Behind the brick walls: Wren Crypt holds a history beneath your feet

New students at the College of William and Mary, stand in the Wren Building’s Great Hall to take the sacred honor pledge and walk through the entryway during Opening Convocation. However there is another feature of the historic building, lurking beneath the foundations of the beloved Wren Building. It is none other than the Wren Crypt — known by many, but seen by few.

The word “crypt” probably brings to mind a dreary, dark and eerie chamber filled with skulls, coffins and spooky tunnels.
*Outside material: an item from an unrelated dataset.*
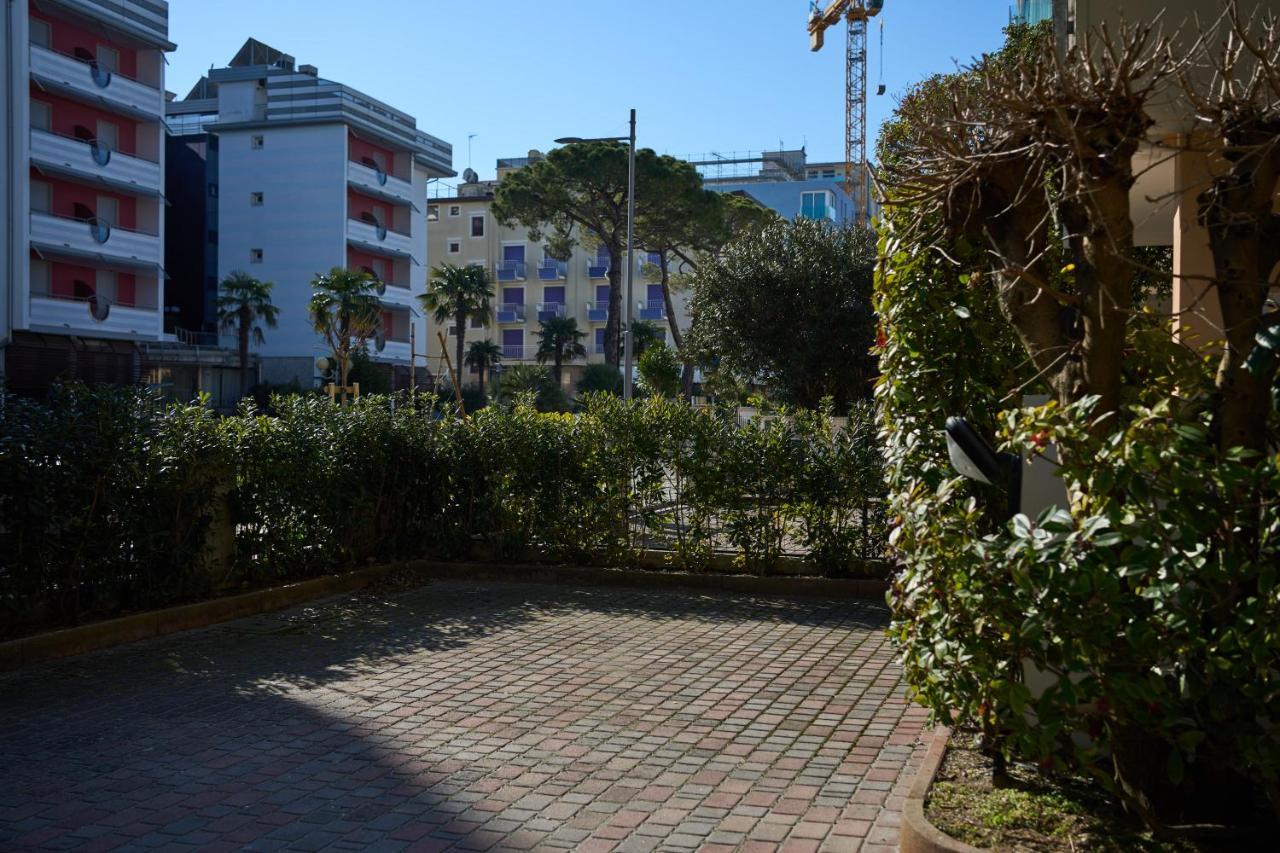 Appartamenti Villa Paola-Pochi Passi Dal Mare-Zona Piazza Aurora-Lido Di Jesolo Exterior photo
The Wren Crypt, however, is not a crypt in the stereotypical sense.

“I think when they [visitors] hear that there is a crypt underneath, I think they are thinking about something like in National Treasure in the first movie … when they are in the Old North Church and they enter into the chamber and they find the treasure,” Spotswood Society proctor Tara Amrhein ’16 said. “I have to explain it to them that it’s kind of like a cemetery underneath the chapel.”

The crypt was not constructed to be an actual room that a person could enter.

“We talk about it now as a crypt, but it’s not a crypt. It wasn’t built to be entered from below. It just happens to be a burial place that is below the floor of the church,” Executive Director of Historic Campus Susan Kern ’05 said. “If you were coming in the 18th or 19th centuries to pay your respects to someone who was buried here, you would come into the chapel, because this is where the markers are to a couple of the people who are buried here. This is as close as you get to the burial space.”

According to Somayah Allibhai-Mawani ’15, who did her honors thesis on the crypt, the south wing that houses the chapel was not part of the original Wren building, which was then known as the College, due to a lack of funding. When the wing was built onto the building from 1728 to 1732, it included a space below the floor that would become what is known today as the crypt.

It wasn’t built to be entered from below. It just happens to be a burial place that is below the floor of the church.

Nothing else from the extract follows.